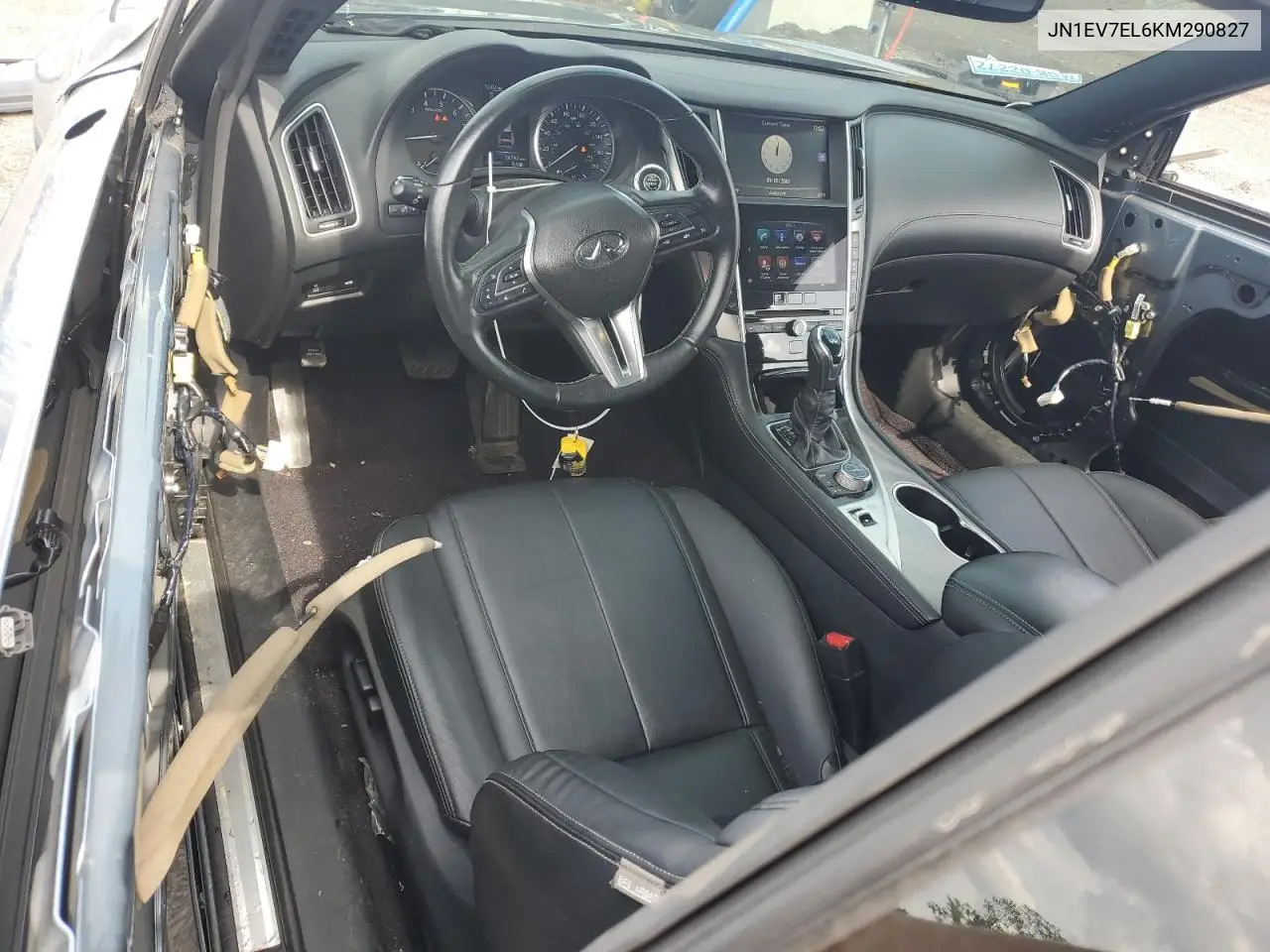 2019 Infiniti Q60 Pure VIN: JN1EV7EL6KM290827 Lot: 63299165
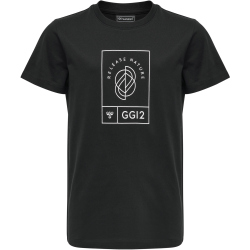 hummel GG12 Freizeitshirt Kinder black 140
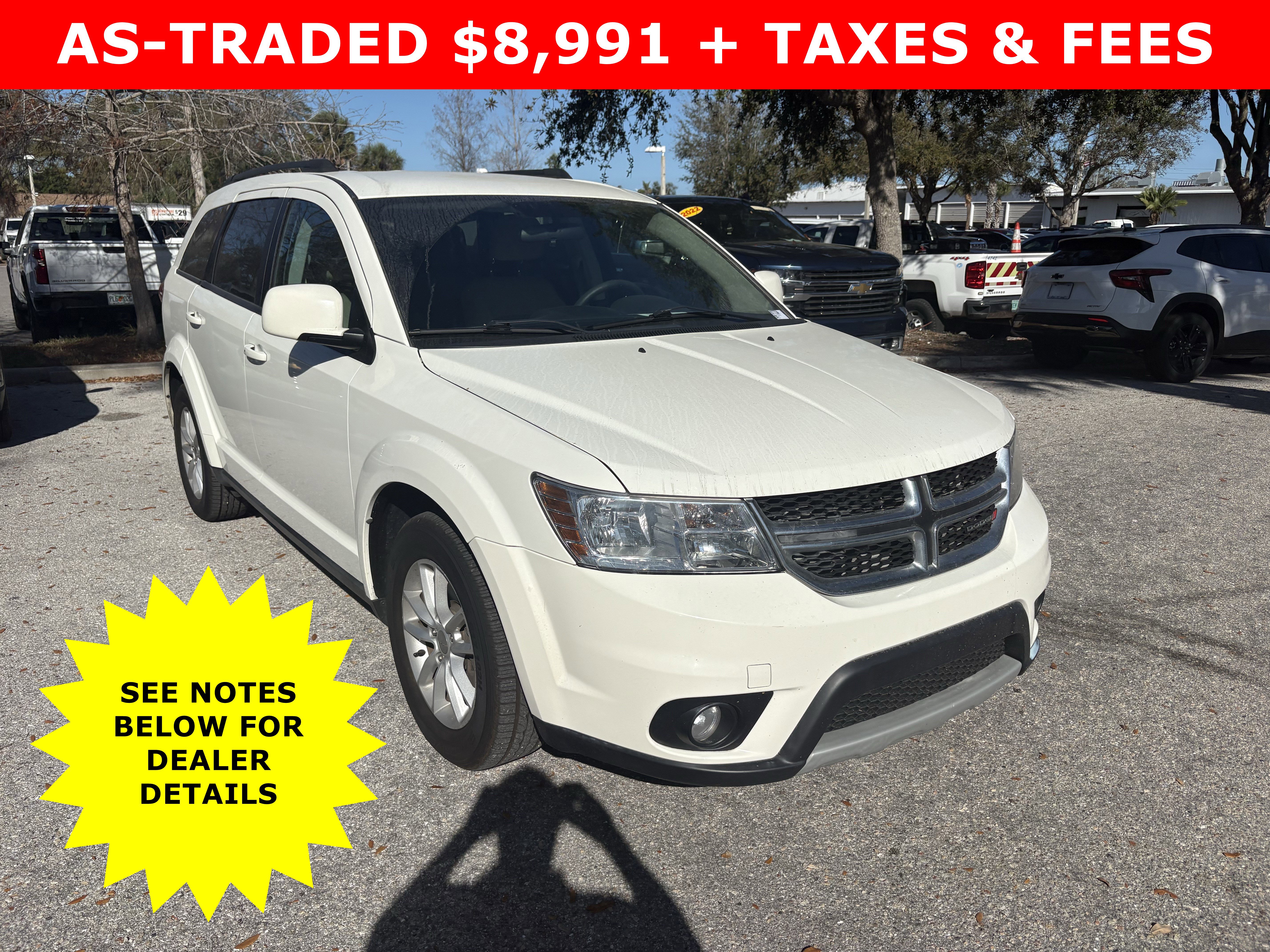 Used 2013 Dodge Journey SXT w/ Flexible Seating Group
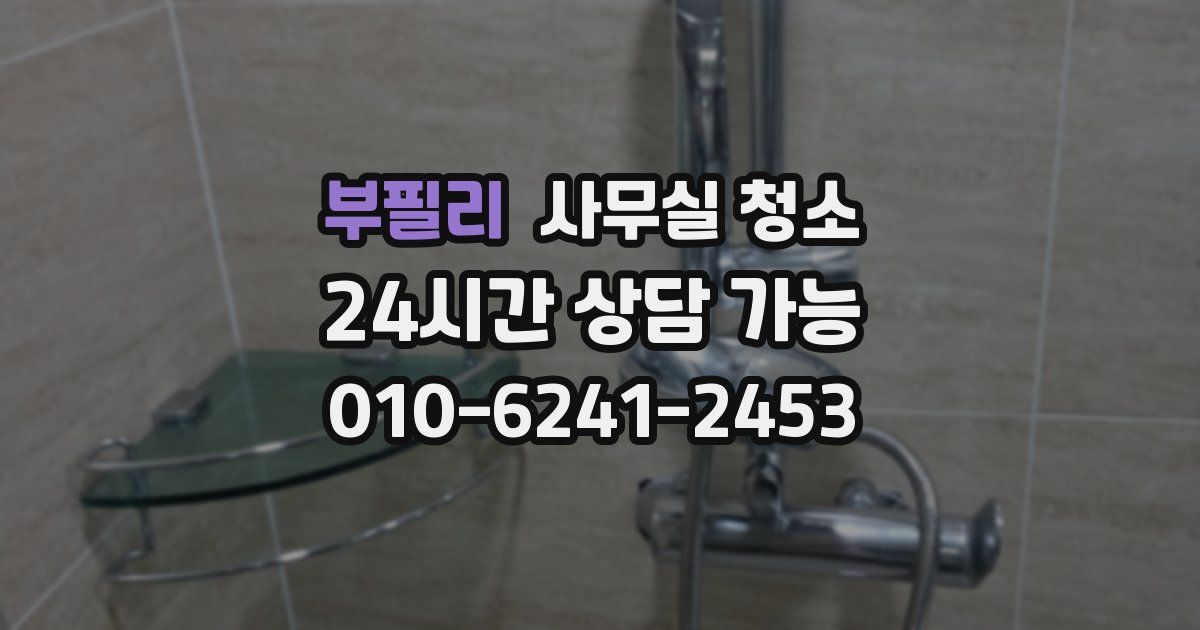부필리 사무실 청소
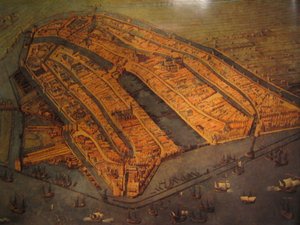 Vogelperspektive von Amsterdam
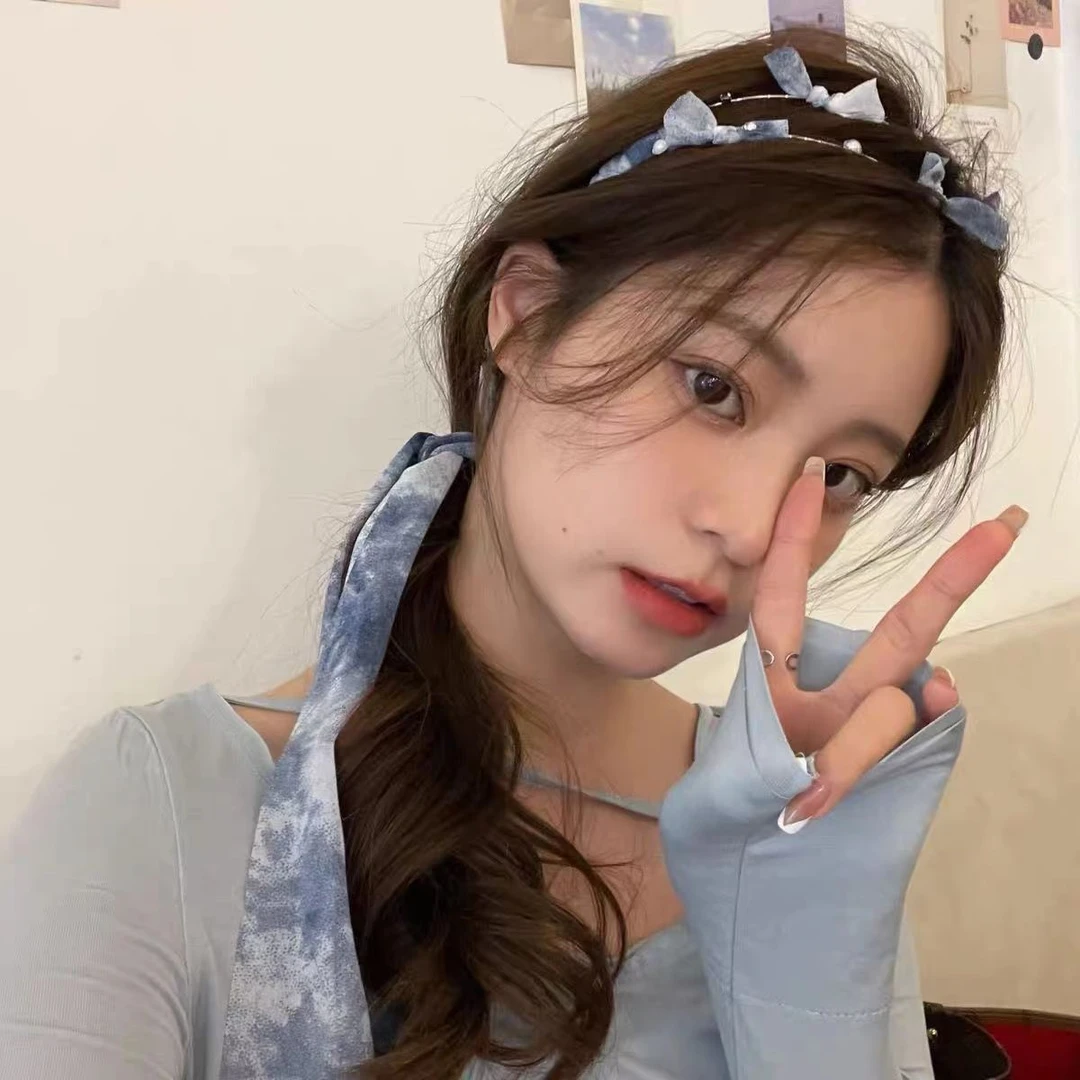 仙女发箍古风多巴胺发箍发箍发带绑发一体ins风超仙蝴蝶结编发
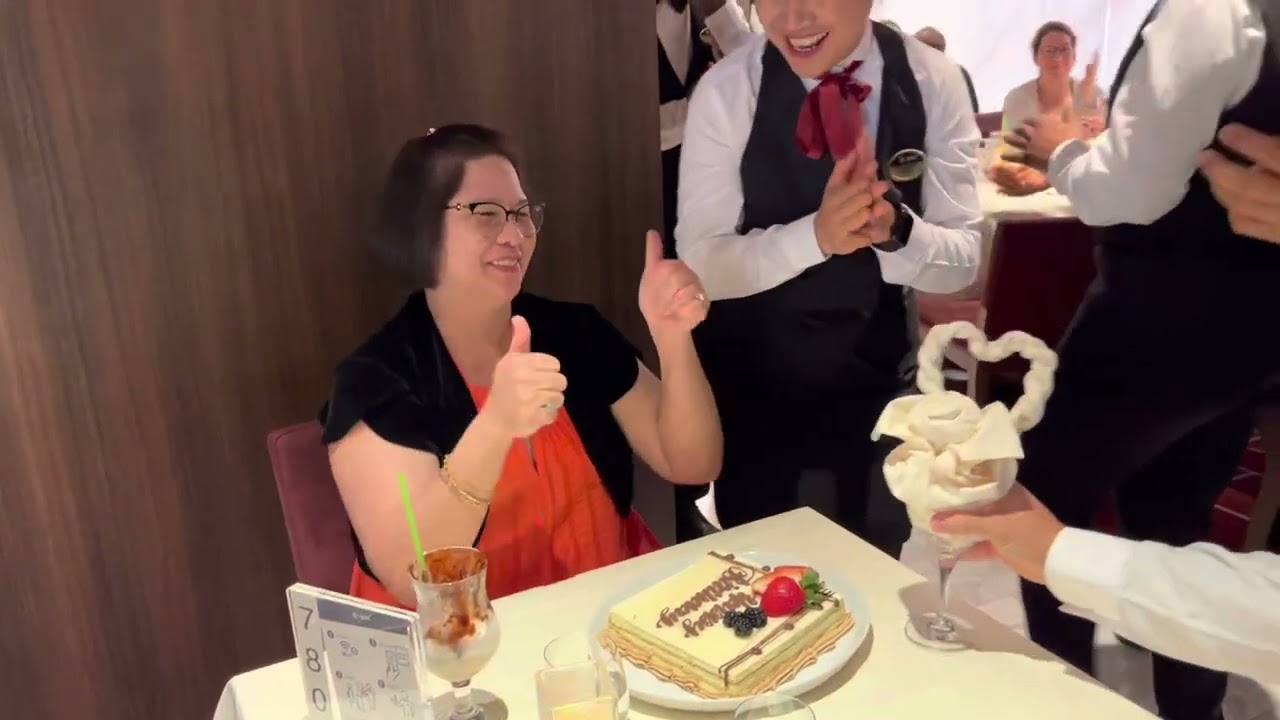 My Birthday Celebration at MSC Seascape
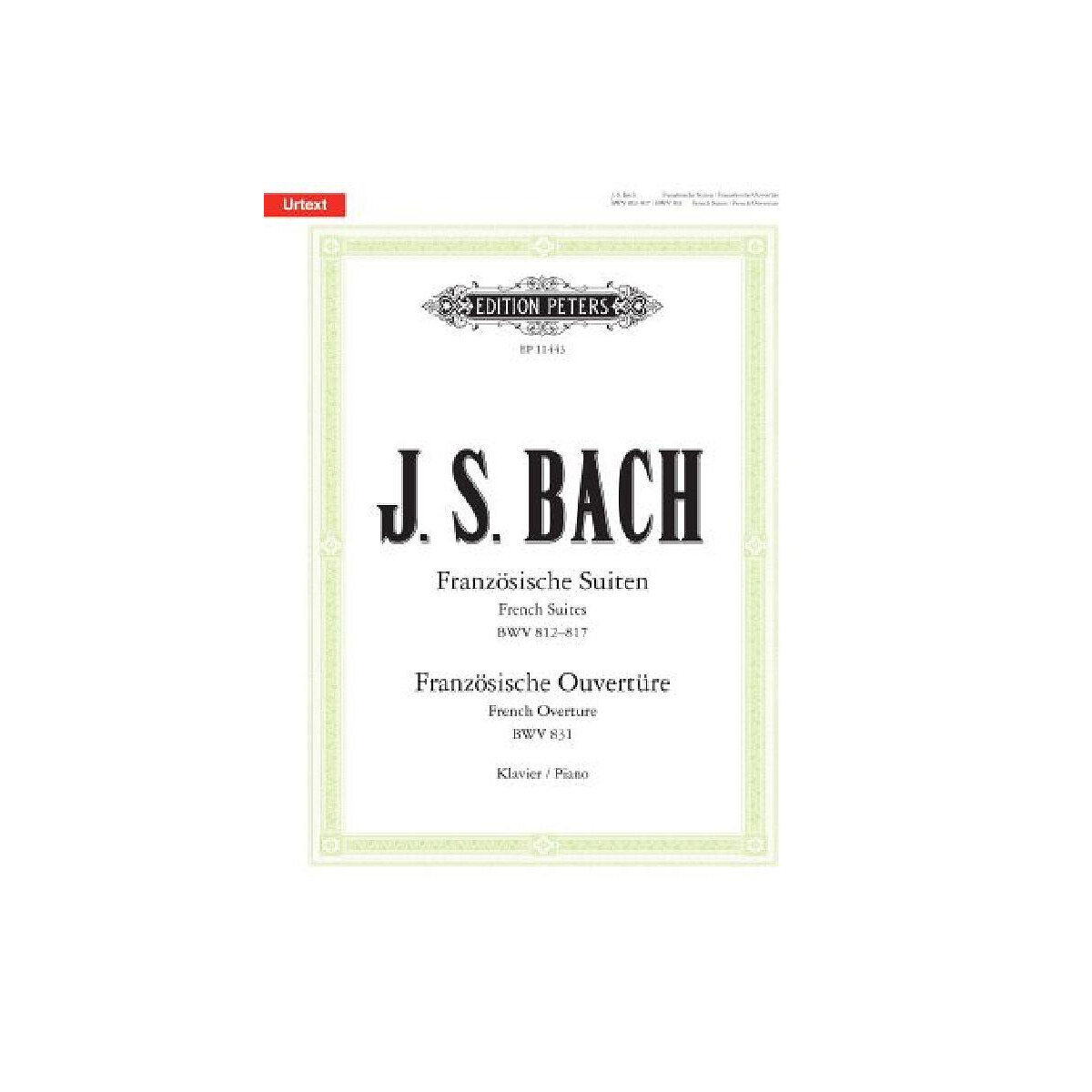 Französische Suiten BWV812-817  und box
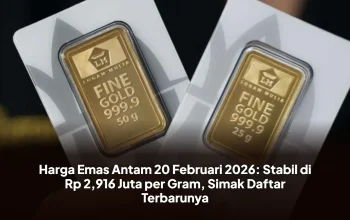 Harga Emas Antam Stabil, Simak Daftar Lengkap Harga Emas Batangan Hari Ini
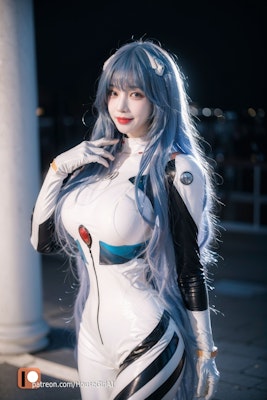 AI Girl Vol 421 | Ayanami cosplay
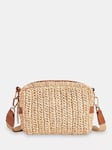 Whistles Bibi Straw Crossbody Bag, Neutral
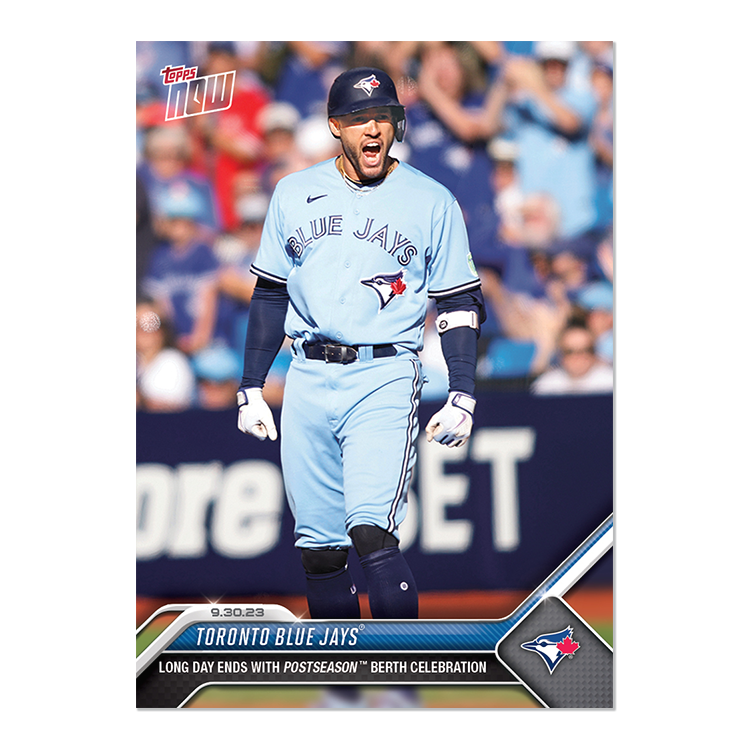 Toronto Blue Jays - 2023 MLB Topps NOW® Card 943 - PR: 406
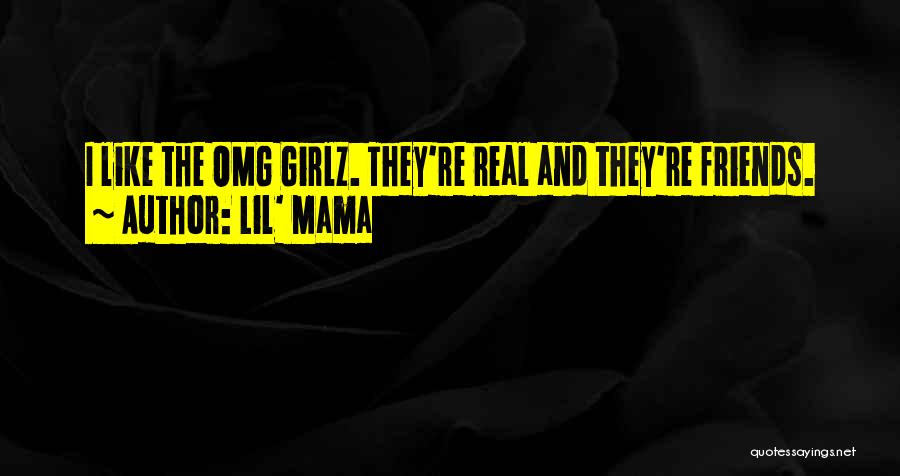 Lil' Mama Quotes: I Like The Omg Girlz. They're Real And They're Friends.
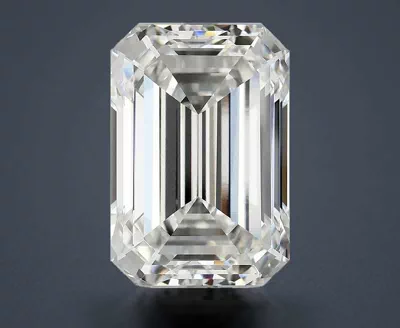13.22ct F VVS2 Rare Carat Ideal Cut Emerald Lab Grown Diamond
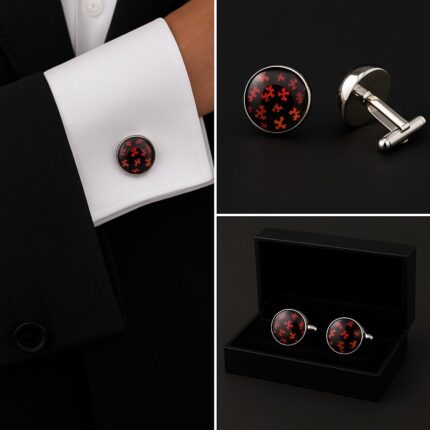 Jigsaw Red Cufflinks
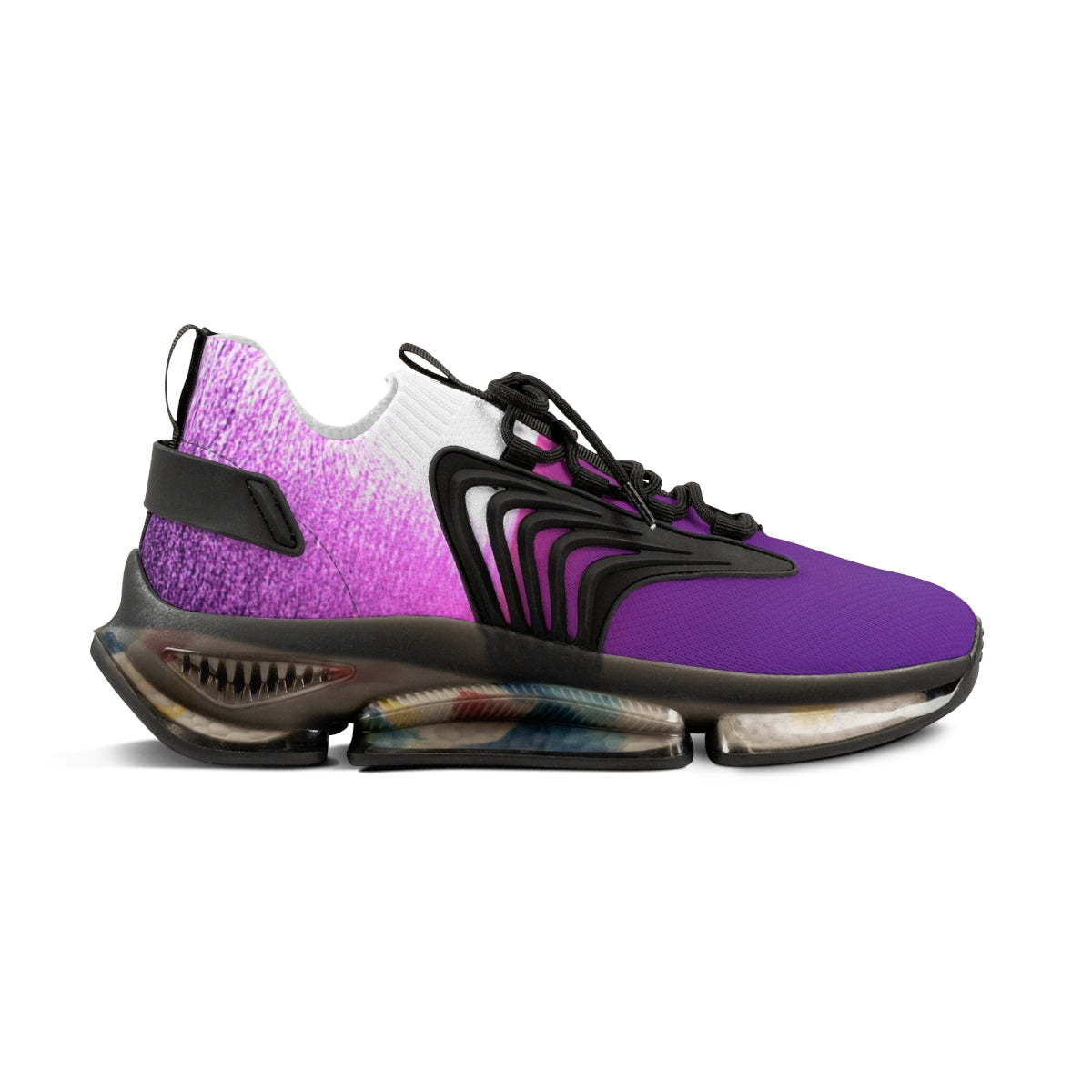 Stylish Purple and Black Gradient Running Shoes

Task instructions: When you reach the line containing "13.22ct F VVS2" in the listing above, reproduce it and every line after it through the last, exactly; omit the pictures.

Written solution:
13.22ct F VVS2 Rare Carat Ideal Cut Emerald Lab Grown Diamond
 Jigsaw Red Cufflinks
 Stylish Purple and Black Gradient Running Shoes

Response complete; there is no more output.